|Application context:||Horticulture (Agriculture)|
|Problem definition:||Bird damage to seed crops|
|Bird species:||Skylark (Alauda arvensis)|
|Time of the year with bird problems:||Winter and summer cropping|
|Time of the day with bird problems:||All day with additional pressure at dusk and dawn|
|Number of systems:||1 x AVIX Autonomic Mark II|
|In use since:||November 2020|
|Laser projection area:||1.27 hectares (3,14 acres)|
|Number of birds before installation:||50|
|Number of birds after installation:||0|
|Bird reduction after the laser deployment:||100%|
|Annual cost of bird damage before the laser deployment:||AUD 5,000|
|Annual cost of bird damage after the laser deployment:||AUD 0|
Tasmanian seed grower reduces crop loss from 15-20% to 0% with the laser bird repellent
Birds challenge the Tasmanian growers
For many growers around the world, farming is a lifestyle and not merely a day job. It is their life’s work, a passion that is rewarded with the satisfaction of completing one of the most challenging jobs efficiently. Along with the knowledge that they have worked to make a difference to the agricultural industry’s future.
Andrew Craigie from Northern Tasmania is one of those growers. Andrew works at Craigie Bros, his family farm outside of Devonport. As a family business that started around 165 years ago, the Craigie Bros grow a variety of seed crops (e.g., canola and cabbage), potatoes and vegetables. Andrew has spent 25 years as a grower in Tasmania; with his experience in the industry, he is fully aware of the challenges that come with working in the industry. One of the most serious challenges is the damage to the crops by birds.
Andrew recently explained that around 12 months ago he lost an entire cabbage seed crop to birds. They attempted to eliminate birds in the past using more traditional methods, such as audio scaring systems and lethal action. However, nothing worked and it resulted in the loss of the whole crop.
Laser bird repellent saves crop
In 2021, coming into a new season, Andrew is growing his first hybrid canola seed crop, a ready-to-grow seed, a lucrative crop for the family business. Usually, the Craigie Bros lose up to 15%-20% of their crop to birds. Craigie explains, “on the first day we planted the hybrid canola crop, 25 skylarks dived straight into the crop.”
As this new season’s crop was crucial for the business, Andrew needed a drastic solution. Craigie deployed the AVIX Autonomic Mark II laser bird repellent that they found out about from Bird Beam.

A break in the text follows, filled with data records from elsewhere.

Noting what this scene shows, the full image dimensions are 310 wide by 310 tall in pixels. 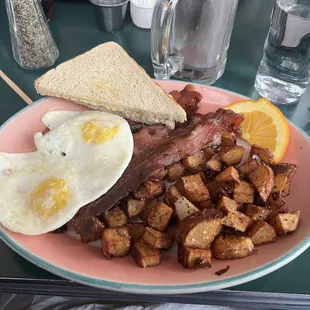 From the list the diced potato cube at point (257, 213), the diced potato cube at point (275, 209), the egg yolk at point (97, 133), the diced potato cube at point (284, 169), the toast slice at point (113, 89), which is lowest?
the diced potato cube at point (275, 209)

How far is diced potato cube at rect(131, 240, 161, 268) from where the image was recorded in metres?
0.88

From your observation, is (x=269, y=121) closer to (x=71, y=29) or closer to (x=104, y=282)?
(x=104, y=282)

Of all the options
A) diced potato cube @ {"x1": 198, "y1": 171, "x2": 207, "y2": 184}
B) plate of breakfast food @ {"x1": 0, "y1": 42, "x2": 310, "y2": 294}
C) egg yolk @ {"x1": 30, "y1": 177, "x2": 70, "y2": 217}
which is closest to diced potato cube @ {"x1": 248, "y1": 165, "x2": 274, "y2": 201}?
plate of breakfast food @ {"x1": 0, "y1": 42, "x2": 310, "y2": 294}

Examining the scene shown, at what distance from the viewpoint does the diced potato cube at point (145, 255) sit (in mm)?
878

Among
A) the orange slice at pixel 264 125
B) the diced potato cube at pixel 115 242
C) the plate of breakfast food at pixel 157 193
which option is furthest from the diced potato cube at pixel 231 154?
the diced potato cube at pixel 115 242

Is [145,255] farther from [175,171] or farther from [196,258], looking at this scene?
[175,171]

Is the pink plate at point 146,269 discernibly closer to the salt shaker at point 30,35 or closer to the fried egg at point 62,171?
the fried egg at point 62,171

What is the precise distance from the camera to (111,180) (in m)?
0.96

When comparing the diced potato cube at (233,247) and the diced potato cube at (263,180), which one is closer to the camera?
the diced potato cube at (233,247)

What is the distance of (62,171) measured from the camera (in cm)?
99

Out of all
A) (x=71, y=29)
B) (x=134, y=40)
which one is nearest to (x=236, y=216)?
(x=134, y=40)

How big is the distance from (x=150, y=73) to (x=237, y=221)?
0.77m

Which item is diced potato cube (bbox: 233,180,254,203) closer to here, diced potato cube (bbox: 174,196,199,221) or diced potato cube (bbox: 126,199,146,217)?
diced potato cube (bbox: 174,196,199,221)

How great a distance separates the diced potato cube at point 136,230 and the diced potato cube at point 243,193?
0.22 meters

Bird Beam is an Australian partner of Bird Control Group (manufacturer of the laser bird deterrent). The laser bird repellent is designed to project a green laser beam onto an area with high bird pressure, potentially at risk from bird damage. The laser beam sweeps across the area and as the green laser beam moves closer to the birds their natural danger instinct perceives it as a threat and they flee the area immediately. The AVIX Autonomic Mark II can be programmed in a variety of applications.
Laser bird repellent is an innovative tool for controlling birds
Last year Craigie planted a lot of high-value seed crops, approximately 1 tonne. He explained, “In total, we lost about 15% to birds, but after deploying the laser this year, we have a 0% loss. “The laser is an excellent addition to controlling birds on specific crops, and it is a game-changer for growers who plant a variety of crops.” Craigie knows he is not the only one who uses this bird control system, as he has witnessed it in use on leafy green crops in Victoria and Tasmania.
The laser bird repellent is a humane bird control system. The Craigie Bros deploy their laser 24/7 using a different program in the evening than they use during the day. “The laser system is completely silent; the green laser beam is visible, but not a disturbance. We can turn the system off at any time, and there is a lot of safety for anyone that might enter the block the laser is protecting” says Andrew Craigie.
“I strongly believe that the laser bird deterrent is something that everyone should try and work out for themselves how much it will change their growing experience because it will change what they’re doing.”